李翔
今天是我跟风叔继续的宏观漫谈。之前我们也稍微讨论了一下要聊什么,我看风叔还列出来,希望能够比较全面地看一下一、二月的数据。我不知道是因为你看到了什么,我也看到之前有一个发电量的数据,大家会拿发电量的数据去看经济到底怎么样,是因为这个原因吗?
风叔
1. 一二月数据释放新信号
主要是因为公布了一、二月的金融数据、CPI、消费等宏观经济指标之后,大家有了不同层面的理解,也出现了一些稍微偏情绪化的表达。我们先讲一个粗的结论,大概从大项目上来看,简单花一点时间看待一下这些数据。

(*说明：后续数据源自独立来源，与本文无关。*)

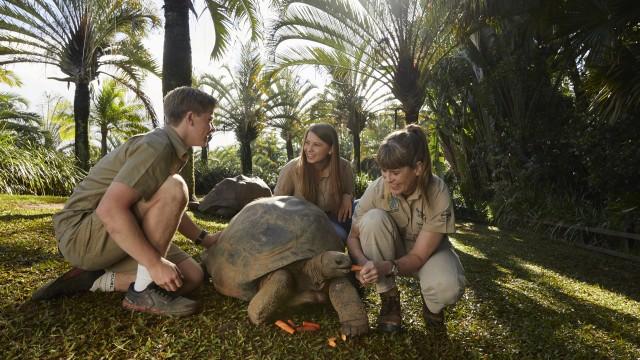 Bosco The Croc's Big Move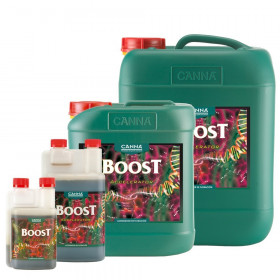 Canna Boost 1 lt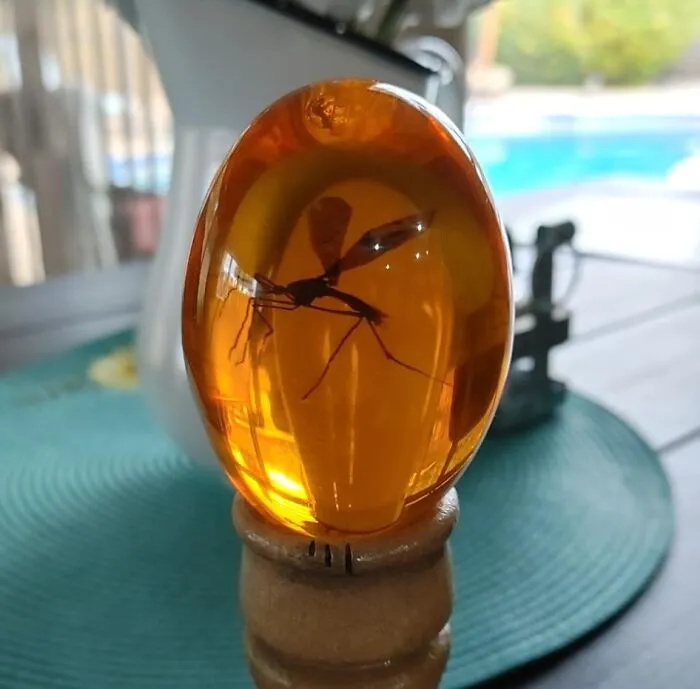 Own A Piece Of Cinematic History With The <a Style="Display:inline;" Href="Https://Www.amazon.com/Jurassic-Mosquito-Official-Collectible-Measures/Dp/B0843phg2k?ie=utf8&linkcode=ll1&tag=bpmelon-20&linkid=97b6d6b08969225f9b4ac43cde5255e3&language=en_us&ref_=as_li_ss_tl" Target="_blank"><span Style="Font: Inherit; Color: #d74b1f;"> Jurassic Park Mosquito In Amber Resin</Span>, A Meticulously Crafted Replica Of The Iconic Fossilized Mosquito That Holds The Key To Cloning Dinosaurs In The Beloved Film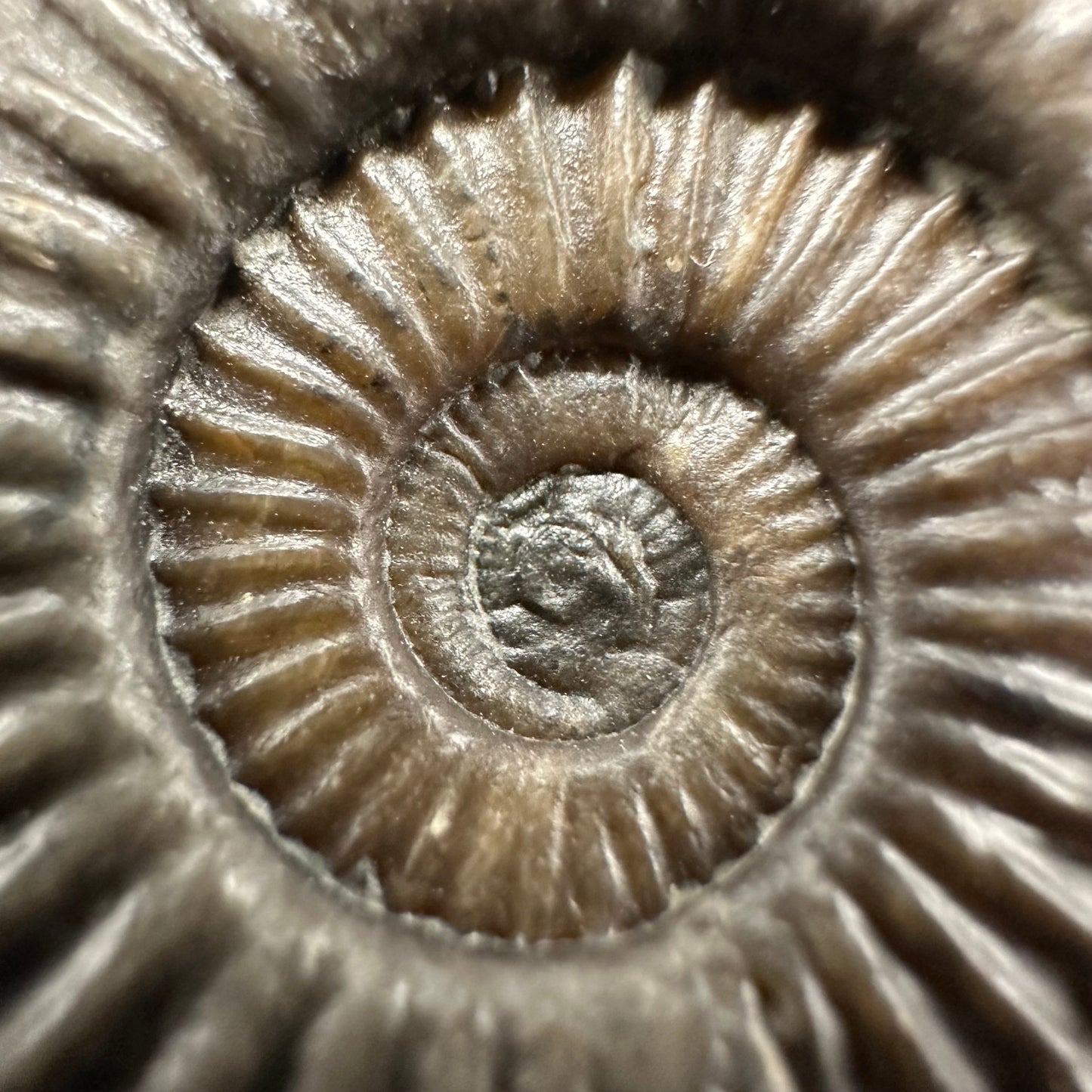 Schlothemia sp. ammonite fossil with box and stand - Whitby, North Yorkshire Jurassic Coast, Yorkshire fossils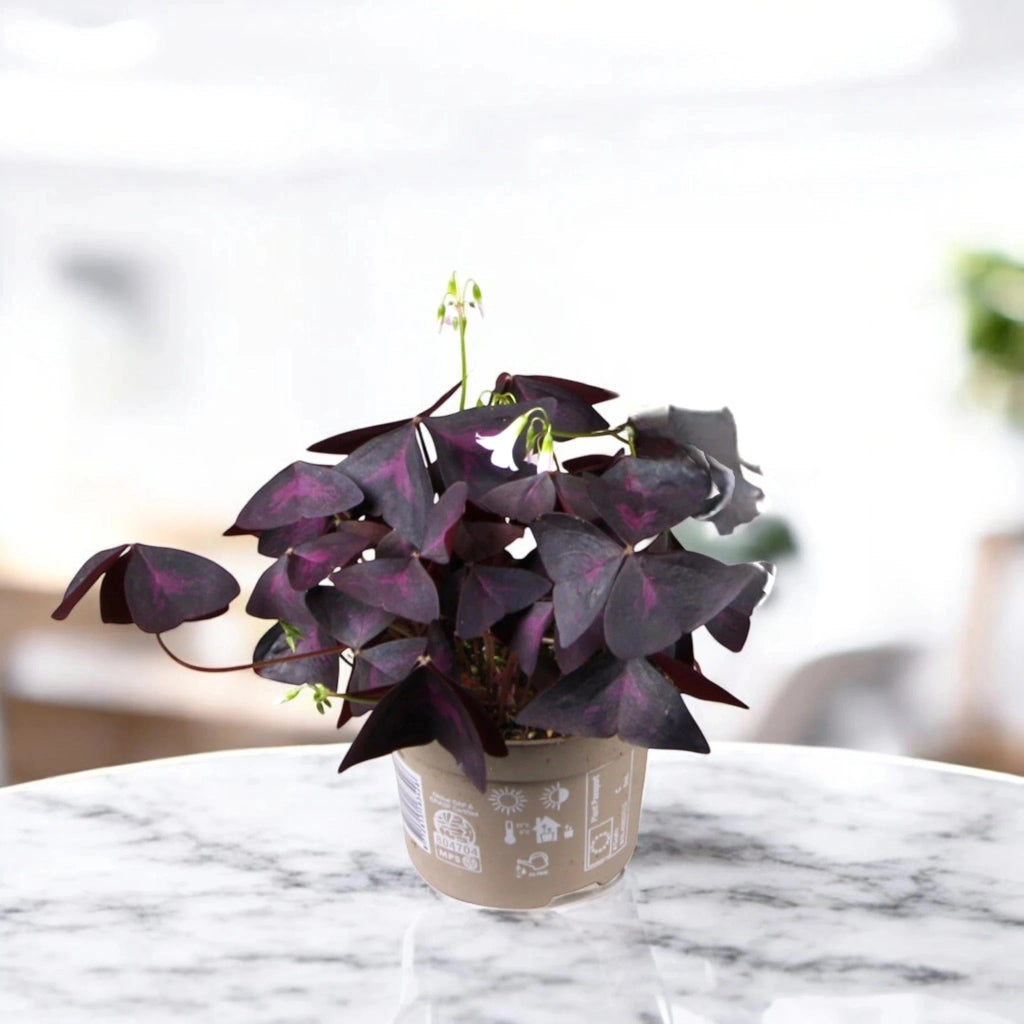 Gardenaria Oxalis triangularis - Pianta da interno ornamentale Altezza: 20 cm (vaso 12)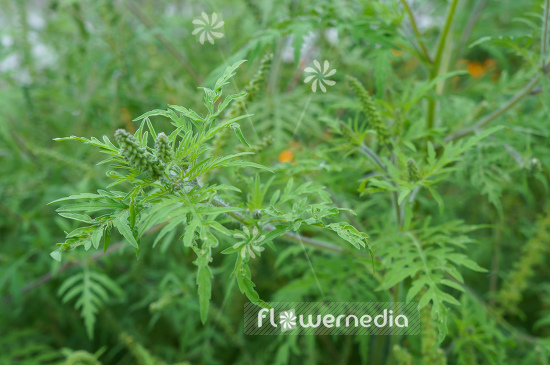 Ambrosia artemisiifolia - Common ragweed (109052)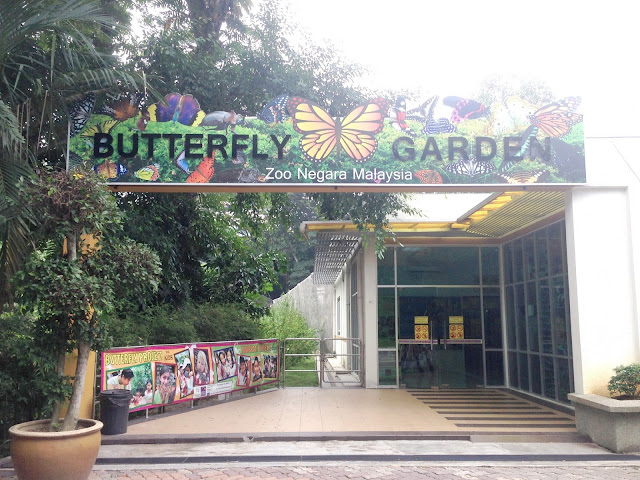 butterfly garden zoo negara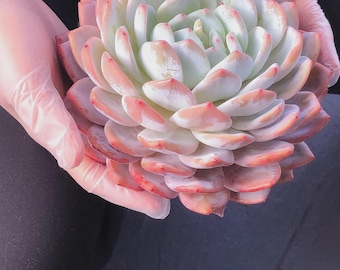Echeveria Orange Monroe – Live Succulent – 4 Inch – Drought-Tolerant, Low Maintenance, Ideal for Indoor & Outdoor, Terrariums, Rock Gardens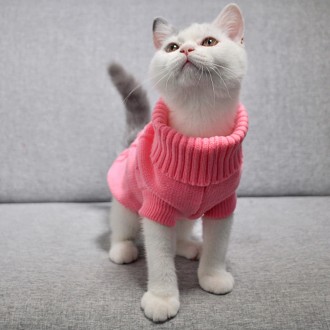 Вязаный свитер для котов (кошек) Alfa «Премиум». Свитерок хорошо тянется, очень . . фото 9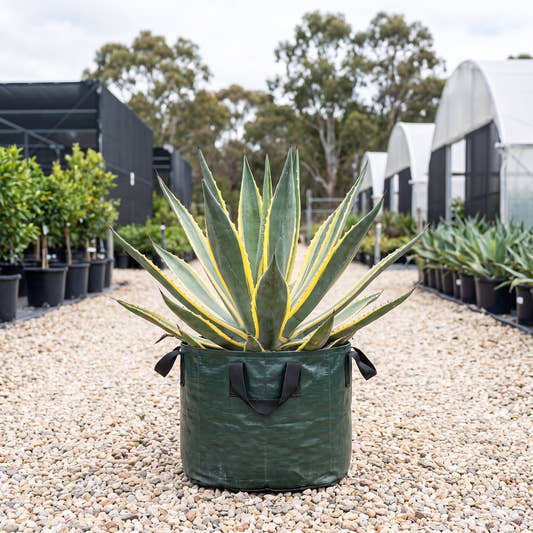 Variegated Century Plant - Agave americana ‘Marginata’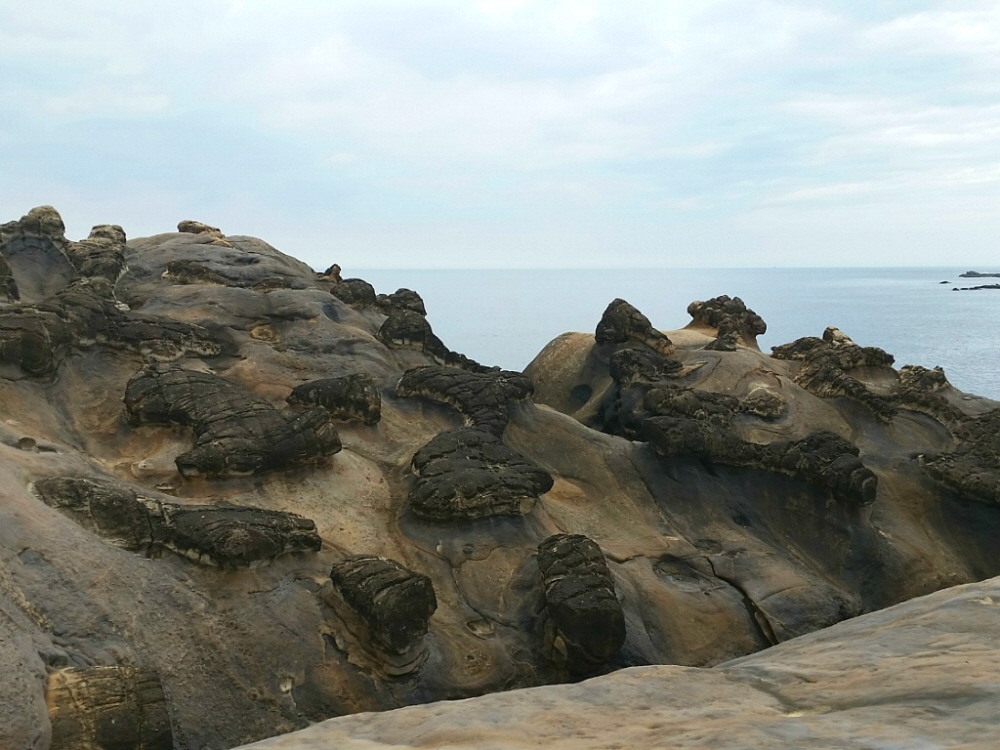 �ٹ̱�_20140511_132029[1].jpg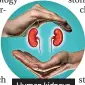  ?? ?? Human kidneys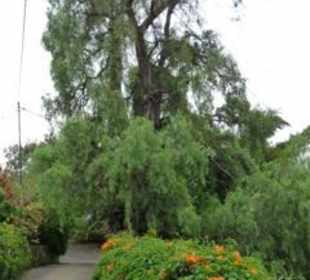 Wunderschöner Aufgang zur Quinta da Boa Vista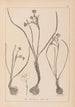 Herbier de la flore française Pl0974 - Louis Antoine Cusin — Ansicht des Kunstwerks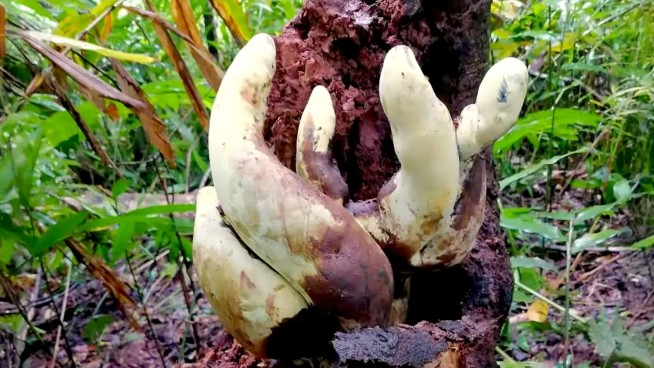 Researchers identify a giant new fungus in China’s Yunnan forests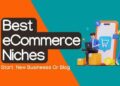 51+ Most Profitable Ecommerce Niches With Evergreen Potential - BLOGGER ...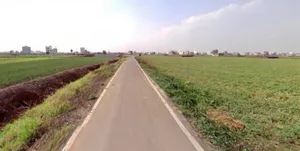 March Marchi Rd, Paijawa, Patna, Bihar 800009, India preview 2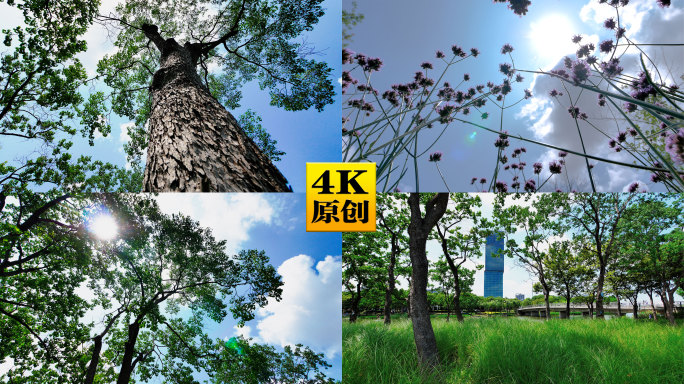 4K原创)阳光照射树林公园绿地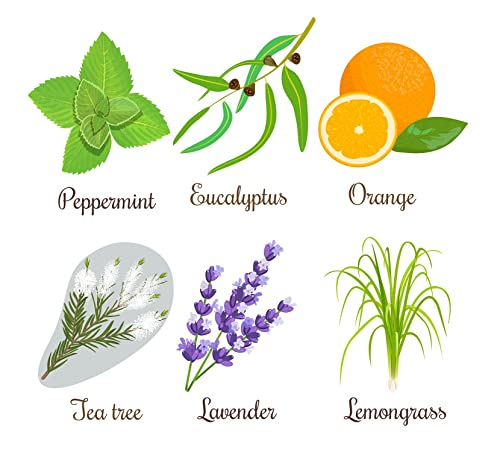 Essential Oils Garden Seed Kit - Grow Peppermint, Tea Tree, Lavender, Eucalyptus, Lemongrass, Orange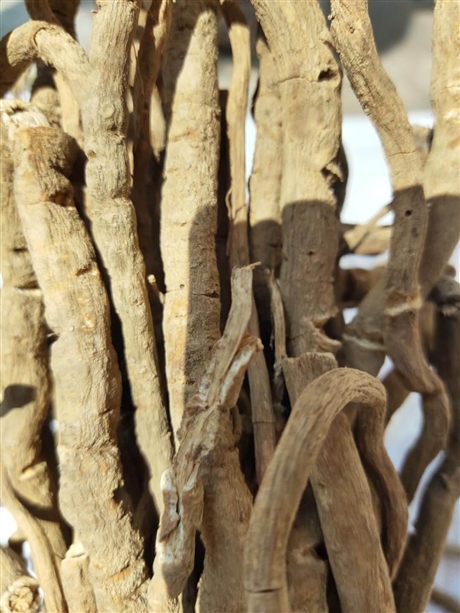 千里香的药用价格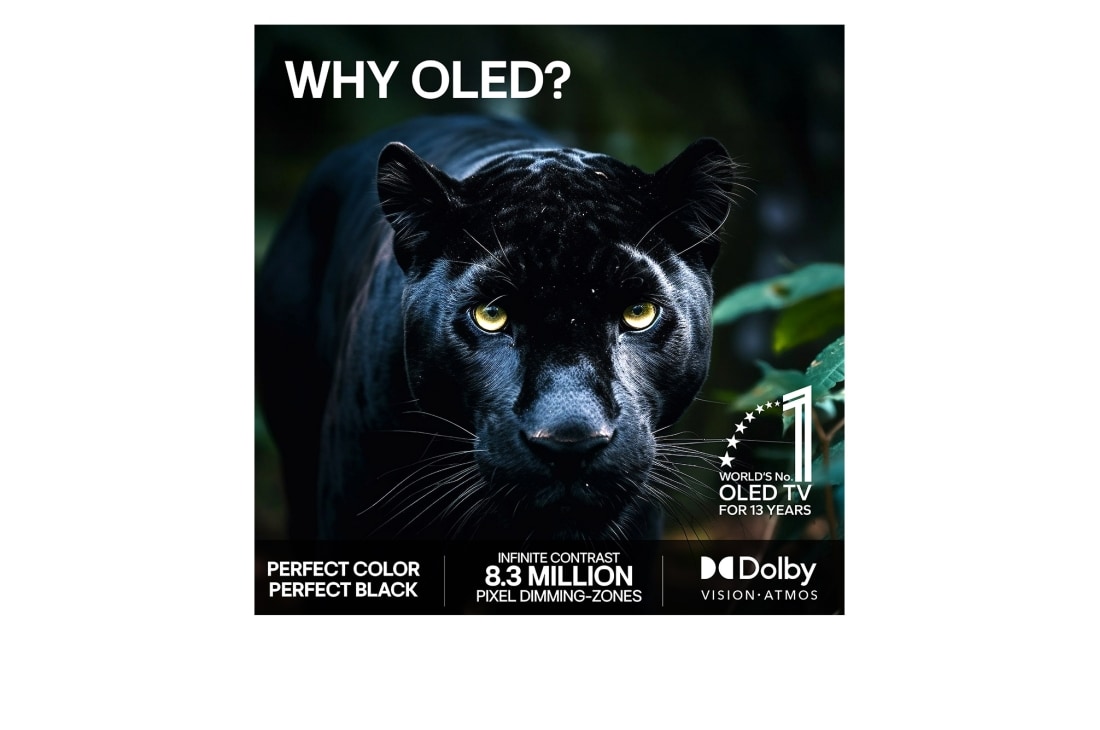 LG 83'' OLED evo Wallpaper W6 4K AI TV – 2026, OLED83W69LA, thumbnail 9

从金融上来看,偏情绪化的表达是:你看,没人借钱。这主要讲的是贷款的增长问题,尤其还是跟企业相关的。在没人借钱的情况下,大家都在存钱,这讲的是存款。然后,M1和M2的剪刀差又开始增加,这个问题已经讨论了两年了吧?
李翔
但是我们不是讲过,从今年1月1日开始,要改M1的一些口径,所以导致的结果是剪刀差必然会减小。这个在1月数据里已经反馈出来了,到2月的时候又显得比1月增加了。
风叔
这里面有一些内容,我们之前花过很长时间,在很多期里解释过季节性的问题。今年春节的季节性是非常容易理解的。春节前后,尤其在春节所在的月份,通常会发生几件事。
第一个,企业端的存款会低增长,甚至下降。因为是春节月,企业要发奖金。于是老百姓的存款会相对在那个月比前后一个月稍微高增长,因为发了奖金之后,大家把它存起来了,或者奖金直接发到了工资卡账户上。这是一个最简单的逻辑,当然这件事情也会导致一、二月M1和M2之间出现一些季节性变化。
大家讲存款增加和贷款减少,如果看得更合理一点,就像现在这样把一、二月合起来看,它大概抵消了60%到70%的春节月影响,因为这些影响分别发生在1月和2月。但是,它还有一点季前和季后的效应。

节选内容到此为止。